He’s a researcher, speaker, author, farmer, filmmaker, and entrepreneur who’s concerned with all things fungi. He has and continues to educate the world about the power of mushrooms and their potential to save the planet.

Paul Stamets gives a voice to the mycelium that lives silently beneath our feet.

In this article, I’ll delve into the fascinating mind of Paul Stamets by:

  1. Looking at who Paul Stamets is
  2. How he was introduced to the world of mushrooms
  3. Looking at his Career Achievements with Fungi Perfecti
  4. Checking out his Journey as a mycologist
  5. Assessing his work with psilocybin
  6. Finding out what he’s doing now

We’ll also be looking at how this man strives to take on the greatest challenge of them all — saving the planet — as well as the books, films, and research papers he has contributed to.

Who Is Paul Stamets?

Paul Stamets was born in Ohio in 1955. He is an American mycologist — someone concerned with the study of fungi. He’s an advocate for the use of mushrooms for medical, health, and environmental purposes.

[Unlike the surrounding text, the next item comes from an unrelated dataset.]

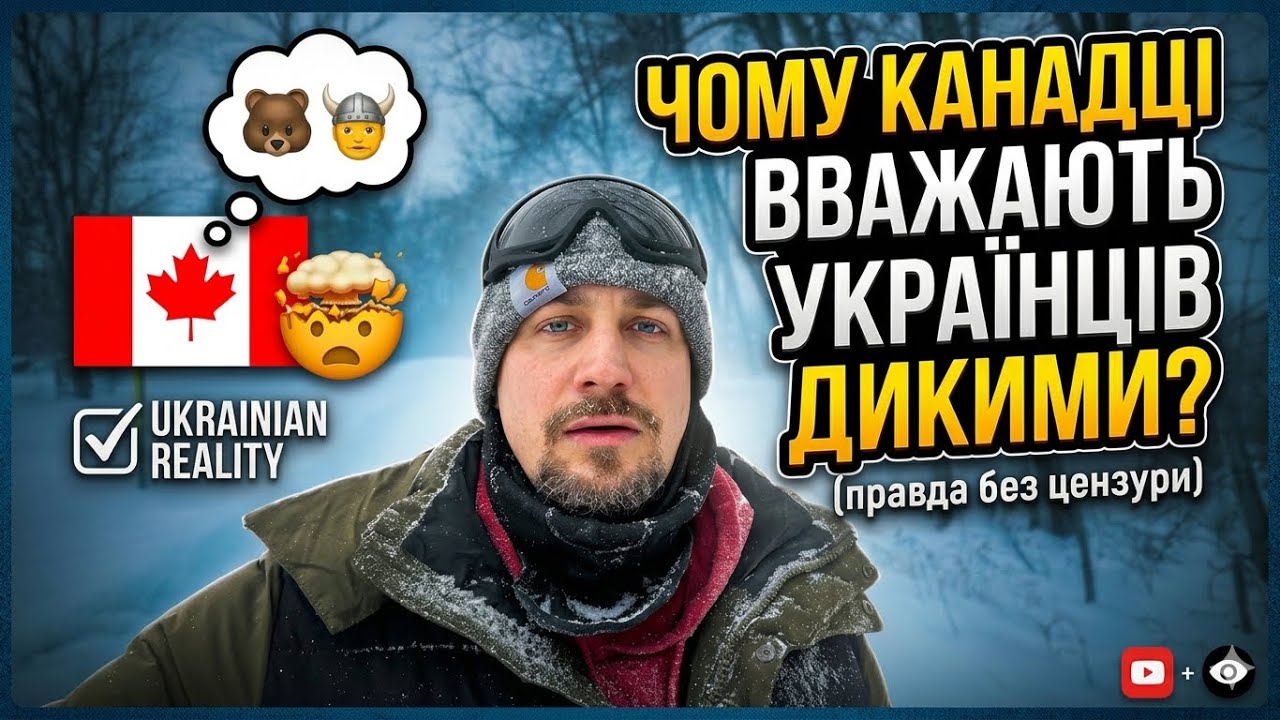 В Канаді українців вважають дикими.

Stamets is an industry leader in the field of mycology. His entrepreneurial skills have allowed him to grow several branches of his business in order to spread both his knowledge of fungi and the medicinal powers of mushrooms. He has written more than six books and owns Fungi Perfecti — a company that sells cultivation equipment, medicinal mushroom cultures, and mushroom-based supplements.

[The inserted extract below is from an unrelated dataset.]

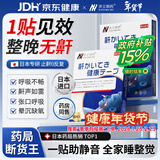 奈立制药止鼾神器中重度打呼噜打鼾止鼾贴鼻炎贴鼻塞通鼻呼吸贴男女士专用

Paul has been featured in a variety of documentaries, hosted TED Talks, interviewed by various media outlets, and has a YouTube channel where he shares his knowledge and experiences in mycology.

He has received numerous awards for his efforts in the mycological space, including the National Mycologist Award from the North American Mycological Association, the Invention Ambassador Award from the American Association for the Advancement of Science, and the Gordan and Tina Wasson Award from the Mycological Society of America.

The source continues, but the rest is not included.